[Roadster] Re: GPS
Ian McIntosh
ian_mcintosh at linuxadvocate.org
Tue Feb 22 10:33:15 PST 2005
Hi Steven,
Welcome to the list.
> community map builder: http://mapbuilder.sourceforge.net/
I'll check it out, but there's a lot to read there; are you already
familiar with it? Are they working on adding routing information?
> Also, have you thought about marrying your excellent route rendering code
> to a more established GPS/GIS/Navigation project?
I was familiar with these projects when I started work on Roadster.
Here is why I felt a new one was necessary:
> GPSDrive:
> http://www.kraftvoll.at/software/
GPSDrive downloads maps from expedia/mapblast. The legality of this is
questionable. I'm not at all confident about the future availability of
this data. For that reason alone it wasn't a suitable solution for me.
(I also don't like the look of expedia/mapblast's maps!)

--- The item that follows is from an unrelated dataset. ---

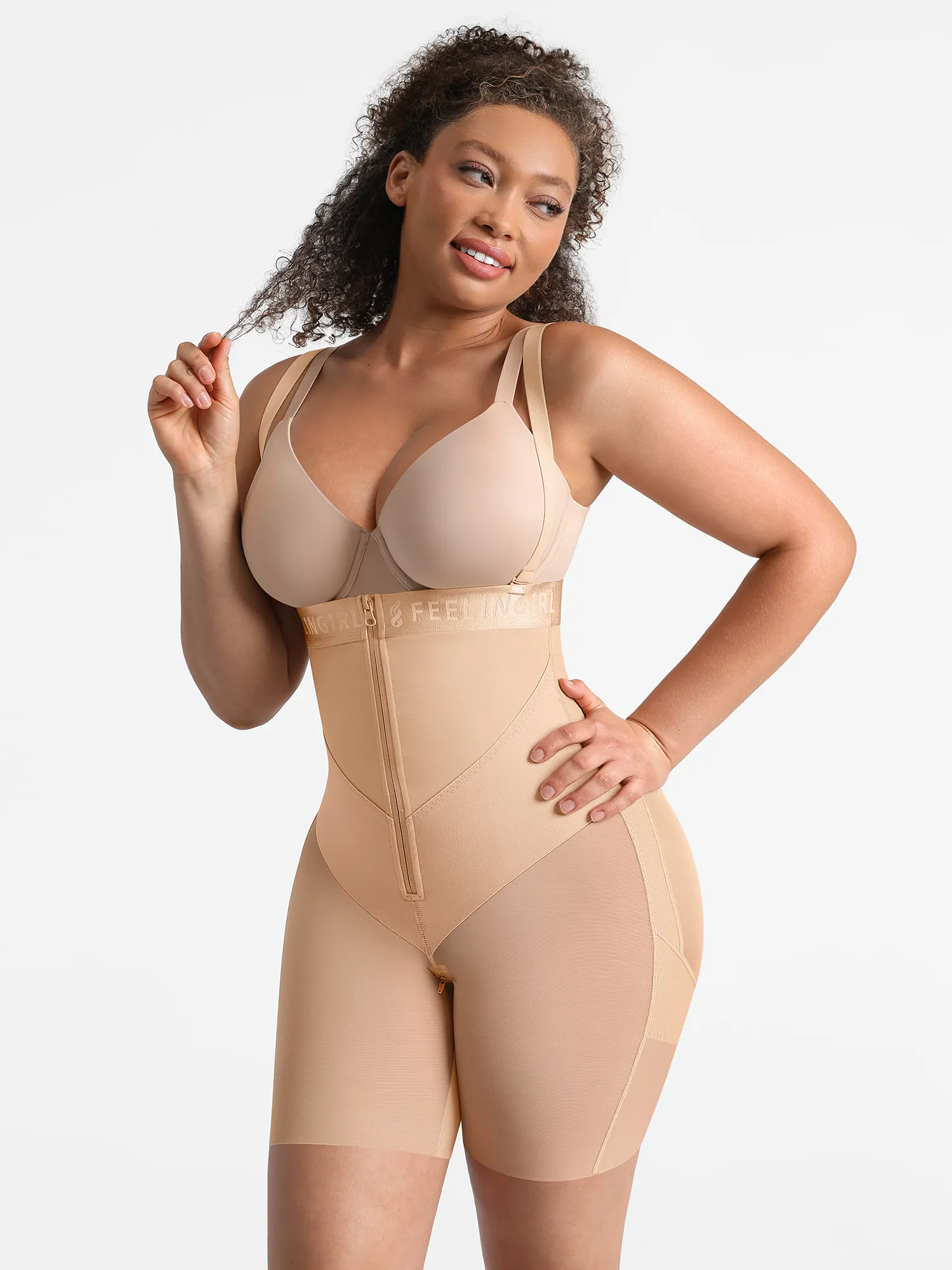 Feelingirl Wide V-neck Belt High-Waist Shaping Shorts - Image 19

Plus, you can't search for addresses, makes routes, etc.
> Roadmap:
> http://roadmap.digitalomaha.net/
I'm quite familiar with Roadmap (their source code helped me understand
the TIGER format).
The main issue I have is their use of a custom database. A ton of the
code is devoted to reading and writing the database, seemingly so it
will run well on a handheld device. But I'm not confident that it's
scalable, at least not without a lot of work. (It also produces wrong
results-- try zooming in on a long road such that the end points are
outside the window-- the road disappears, but perhaps this is fixable).

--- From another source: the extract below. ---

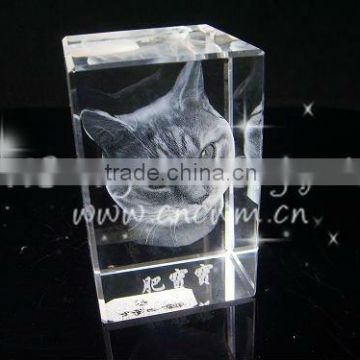 Vivid Promotional 3D Laser Crystal Cat For Souvenir Gifts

Also, the graphics API they chose doesn't support rotated text
(Cairo/Pango may not have been around when they started). So that's a
show-stopper in my book.
So I could have taken Roadmap, changed the DB backend, added a more
robust GUI, and completely changed the rendering framework, and then
added things like road-hugging road labels. But that's pretty much
everything.
> Navsys Mapeditor:
> http://www.navsys.org/mapeditor/
I've been chatting with the author of Mapeditor on irc.gnome.org. I
think he has some things to teach me about GIS, but Roadster and
Mapeditor seem to have different goals.
> Summary of a Variety of GPS/GIS software for Linux:
> http://tuxmobil.org/navigation_gps.html
Good link, thanks. And hopefully we can get listed there.
Overall, I would love to collaborate with all of these projects where
possible, but our goals are different enough that I think the projects
should remain separate. Of course, since it's under the GPL, they are
welcome to use Roadster's road rendering code if they like.